Comment l’homme parfois peut-il se borner?!

J’ai oublié certains détails mais il me semble que cela a dû se passer assez tôt dans ma vie, même si mes souvenirs jusqu’à ce moment sont troubles. Ainsi, par exemple, je sais encore que je suis entré la tête d’abord. Ou que j’y ai été porté? Oui, porté. Ou bien aurais-je grimpé spontanément dans la machine à laver? Par curiosité?

Par ma naissance, j’étais tombé bien. Mes parents sont tous deux libertaires et exercent une profession libre. Libre de professer, quoi. Soit, maman tient une pharmacie et père est notaire. Ou architecte? Soit, il verse dans l’immobilier. J’étais complètement libre de faire ce que je voulais. Et je faisais donc tout ce qui me plaisait. Mes parents avaient tout ce qu’il faut: deux voitures, un congélateur, un frigo et une machine à laver et pas le temps de s’occuper de moi. Outre leurs activités professionnelles, ils avaient une vie sociale importante, surtout mon père, qui de la sorte trouvait ses clients.

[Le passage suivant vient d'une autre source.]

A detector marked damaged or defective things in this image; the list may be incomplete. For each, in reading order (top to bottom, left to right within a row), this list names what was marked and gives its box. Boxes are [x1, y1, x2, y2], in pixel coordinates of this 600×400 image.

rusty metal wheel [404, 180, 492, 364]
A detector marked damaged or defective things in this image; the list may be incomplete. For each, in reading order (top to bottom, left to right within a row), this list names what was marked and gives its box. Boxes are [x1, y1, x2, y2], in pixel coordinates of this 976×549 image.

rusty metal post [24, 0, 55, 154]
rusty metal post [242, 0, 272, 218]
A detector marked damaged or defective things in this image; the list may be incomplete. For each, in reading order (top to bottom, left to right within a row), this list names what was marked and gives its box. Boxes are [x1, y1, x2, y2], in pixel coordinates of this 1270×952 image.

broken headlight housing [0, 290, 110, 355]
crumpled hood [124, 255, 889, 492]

Et ma mère voulait toujours y participer.

Ils avaient engagé une gardienne d’enfants.

Ils n’avaient jamais réuni plus d’un enfant. J’étais donc enfant unique et fort gâté. Sans doute étais-je las de tous les jouets que j’avais reçus et cherchais-je de nouveaux défis dans une pièce où je n’avais jamais mis mes jeunes pieds. Je n’y avais rien perdu. J’y trouvais des appareils de toute nature. Ultérieurement, j’ai appris qu’il s’agissait d’un congélateur, d’un séchoir et d’une machine à laver, qui avait fort attiré mon attention, disposant d’une fenêtre dans sa porte. La porte était entr’ouverte et je décidai de regarder le monde de ce côté-là.

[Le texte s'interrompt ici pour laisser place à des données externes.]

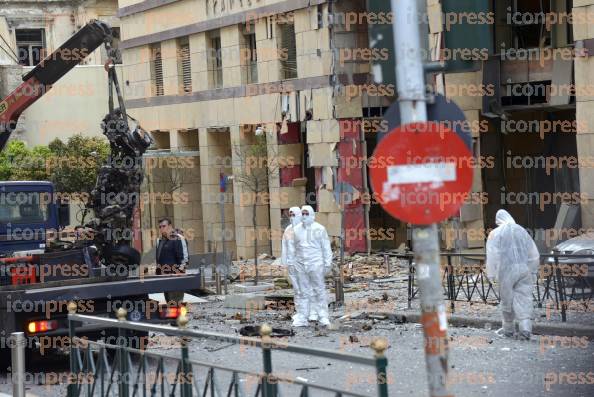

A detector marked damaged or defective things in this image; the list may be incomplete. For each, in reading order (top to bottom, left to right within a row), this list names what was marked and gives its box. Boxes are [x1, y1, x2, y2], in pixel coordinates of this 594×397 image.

broken window [15, 28, 44, 65]
broken window [205, 30, 221, 88]
broken window [240, 23, 256, 84]
broken window [278, 19, 296, 79]
damaged building facade [117, 0, 592, 260]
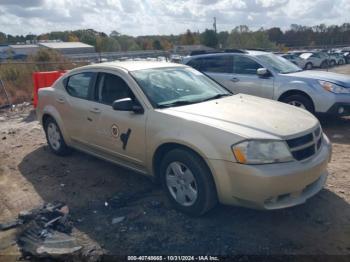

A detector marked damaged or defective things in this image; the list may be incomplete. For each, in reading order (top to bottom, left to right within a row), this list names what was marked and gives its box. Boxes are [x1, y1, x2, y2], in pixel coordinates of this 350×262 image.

damaged car [37, 61, 332, 215]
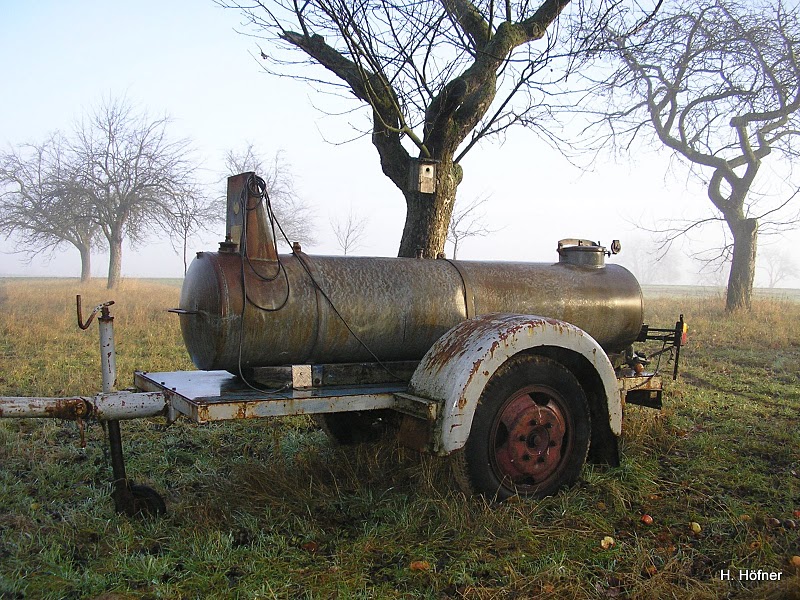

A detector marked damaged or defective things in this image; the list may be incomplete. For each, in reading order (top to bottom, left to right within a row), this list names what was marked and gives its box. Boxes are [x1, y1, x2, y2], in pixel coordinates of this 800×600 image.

rusty tank surface [177, 171, 644, 372]
rusty fender [0, 392, 169, 420]
rusty fender [410, 314, 620, 454]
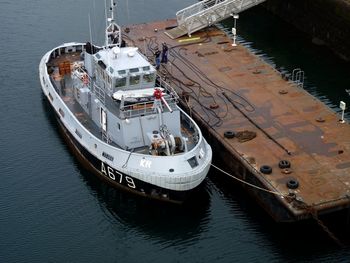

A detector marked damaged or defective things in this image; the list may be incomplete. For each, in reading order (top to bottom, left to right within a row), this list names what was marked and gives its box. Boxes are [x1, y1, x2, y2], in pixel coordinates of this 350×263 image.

rusty barge [123, 14, 350, 223]
rusted metal deck [124, 19, 350, 223]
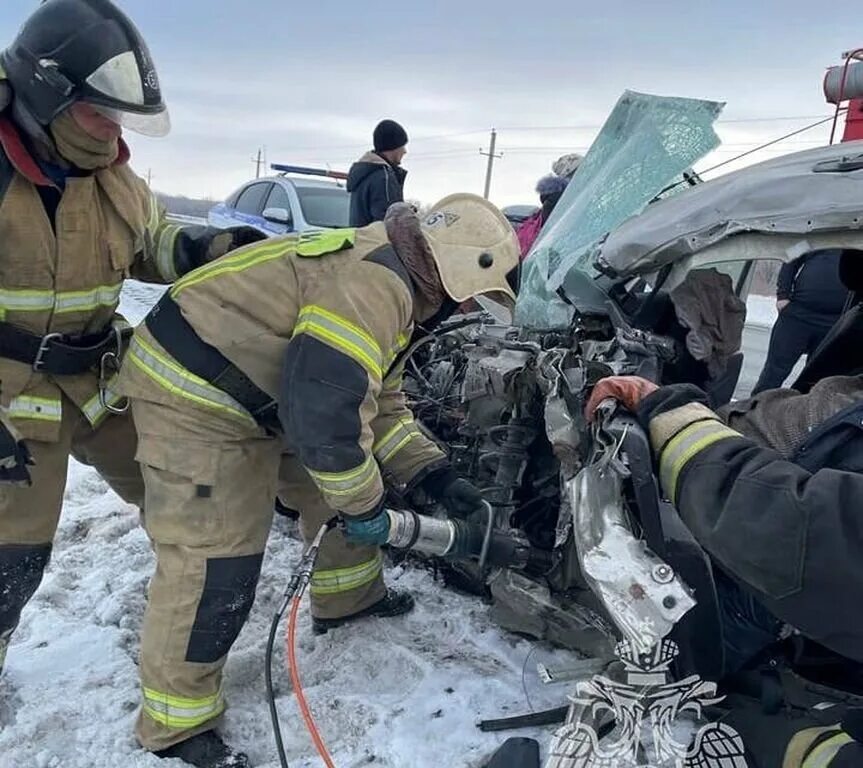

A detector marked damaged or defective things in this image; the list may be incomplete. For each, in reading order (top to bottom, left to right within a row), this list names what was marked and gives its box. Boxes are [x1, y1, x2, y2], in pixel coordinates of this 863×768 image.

shattered windshield [516, 91, 724, 330]
broken glass pane [516, 91, 724, 330]
crushed car roof [596, 142, 863, 280]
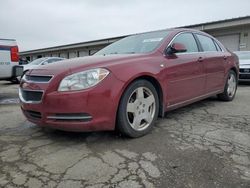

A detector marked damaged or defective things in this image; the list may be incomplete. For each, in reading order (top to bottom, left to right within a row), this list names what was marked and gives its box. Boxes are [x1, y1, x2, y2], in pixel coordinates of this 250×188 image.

Il y avait tellement de choses à voir que probablement je me suis endormi. Lorsque quelqu’un y a apparu, c’était pour mettre la machine en route. Je me suis réveillé par l’eau qui montait. J’ai commencé à tourner et à battre mes ailes mais il était trop tard. J’ai perdu conscience et lorsque je l’ai retrouvée, elle était rapetissée, bornée.

J’ai donc la conscience tranquille quand je vote Vlaams Blok ou NV-A. Je regarde souvent la télé, apprenant les mots pour dire ce que vous lisez ici.

Quand je sors, je constate que je ne suis pas seul. La plupart des gens me parlent normalement, enfin, d’une façon que je connais. Bornée. Je n’ai jamais retrouvé le chemin vers la personne que j’étais avant ma grande lessive.

Pourquoi devrais-je? Je suis bien. Mon père m’a pistonné pour que j’obtienne un diplôme universitaire. Le droit, évidemment, où tout est possible. Mon père avait laissé tomber l’espoir que je devienne notaire ou architecte et s’est fait à l’idée que je suis juriste. Je ne suis bon à rien, mais pas à jouer l’avocat. Je suis donc entré au service de l’état.

Je suis bien. Tout en profitant du travail d’autrui, que je suis incapable d’effectuer, j’ai réussi à occuper une des plus hautes fonctions. Je vis selon mes moyens et surtout selon les moyens des autres. Évidemment, j’ai acheté à cet effet une ou deux cartes de parti politique. En leur abattant la besogne, bien sûr. Donnant, donnant.

Je suis bien. Bien que les médecins se font des soucis de ma santé. Il n’est pas exclu que pendant ma grande lessive, on m’ait administré des produits toxiques.